• TASK STATEMENT: Verbatim copy, pictures excluded: every line from the one with "Society6 Jacqueline Maldonado" through the final line of the data below, and no other line.
[Start of Attachment]
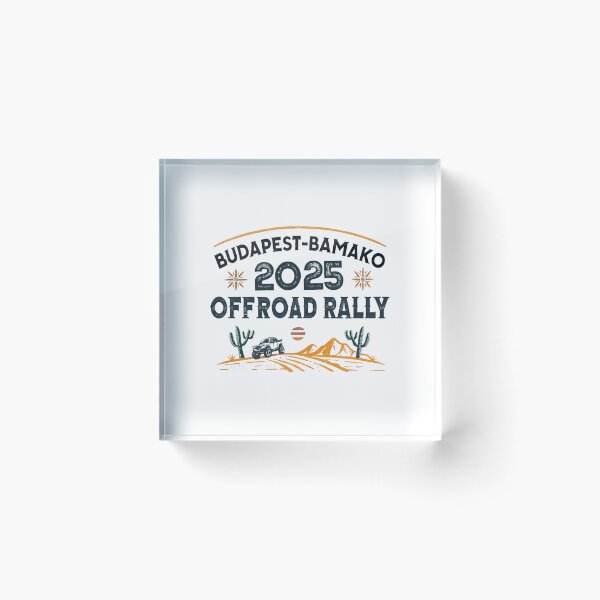 Item preview, Budapest-Bamako 2025 Offroad Rally Adventure Design designed and sold by Colorful-Garden.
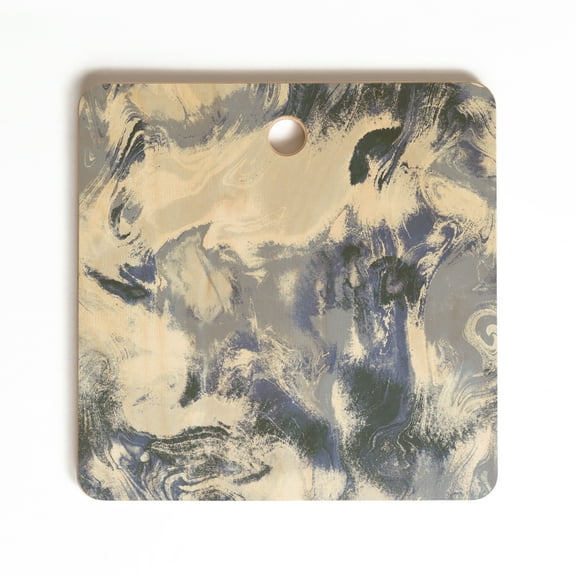 Society6 Jacqueline Maldonado Marble Mist Blue Square Cutting Board, 11.5" x 11.5"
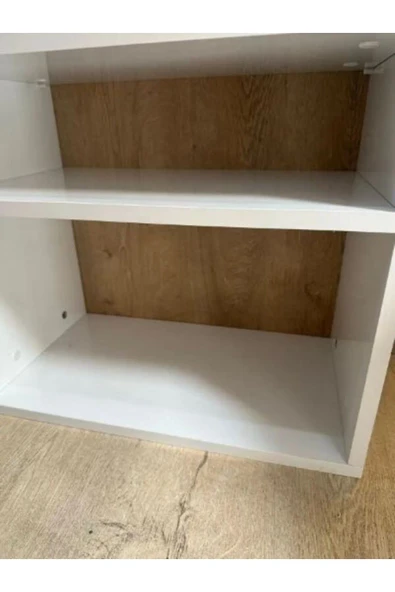 Tezgah Üstü Medefe Fırın Mikrodalga Mutfak Rafı Mutfak Dolabı Beyaz Medefe - 2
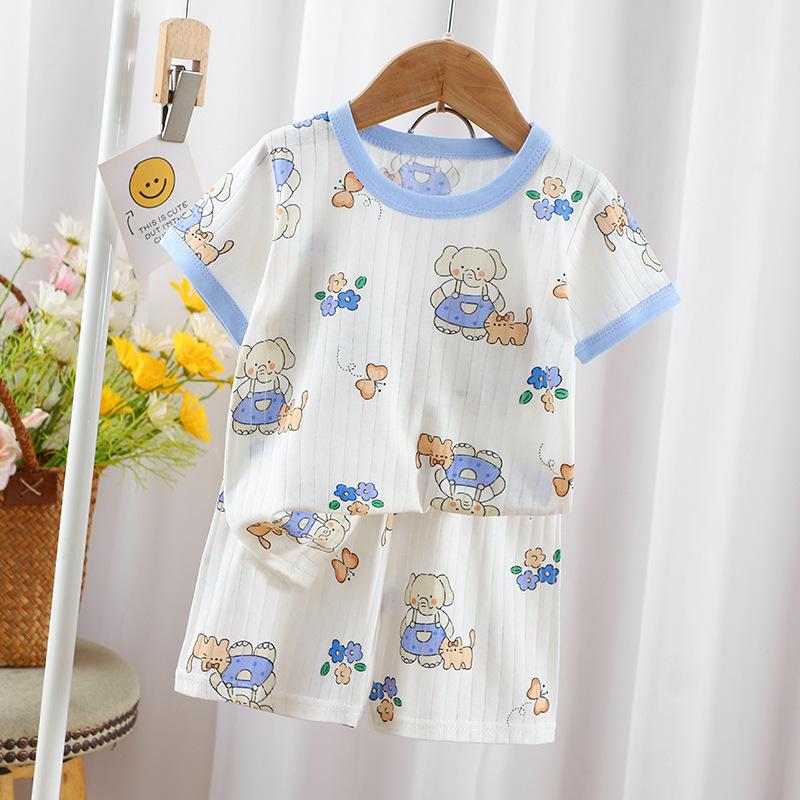 2026 Summer Children's Short Sleeved Shorts Cotton Set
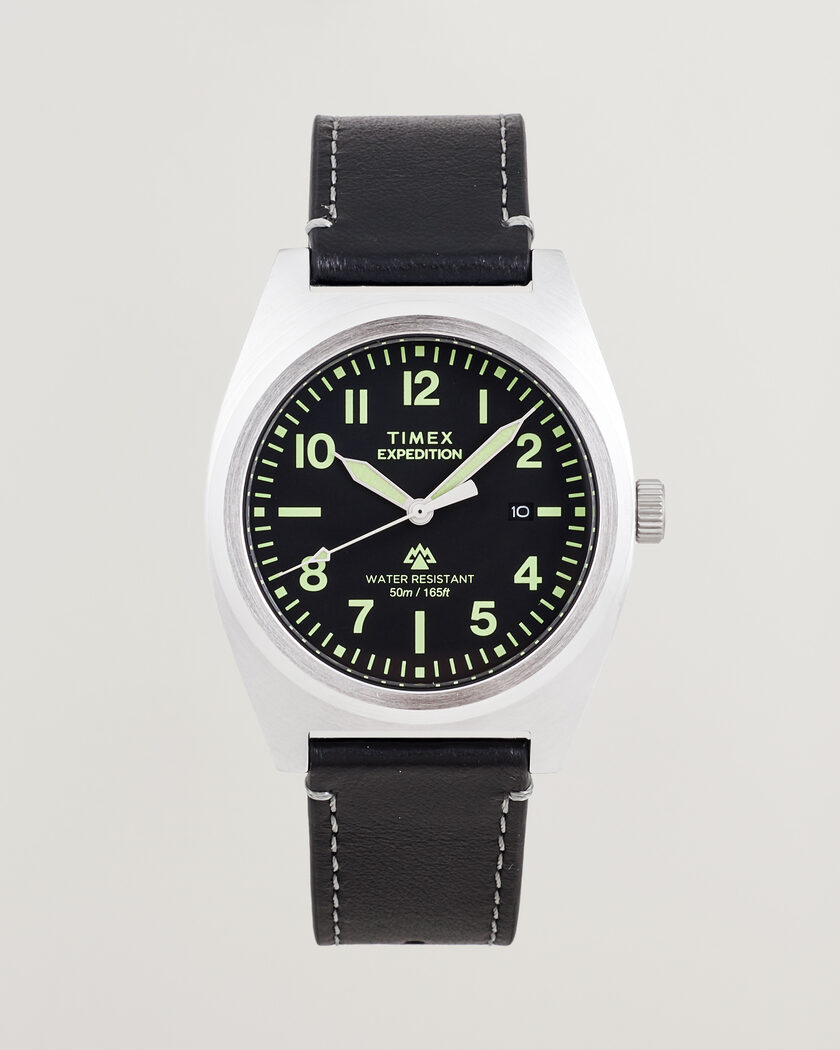 Timex Expedition North Capstone Leather Strap 39mm Black Dial – Nero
[End of Attachment]
• SOLUTION FOR THIS TASK:
 Society6 Jacqueline Maldonado Marble Mist Blue Square Cutting Board, 11.5" x 11.5"
 Tezgah Üstü Medefe Fırın Mikrodalga Mutfak Rafı Mutfak Dolabı Beyaz Medefe - 2
 2026 Summer Children's Short Sleeved Shorts Cotton Set
 Timex Expedition North Capstone Leather Strap 39mm Black Dial – Nero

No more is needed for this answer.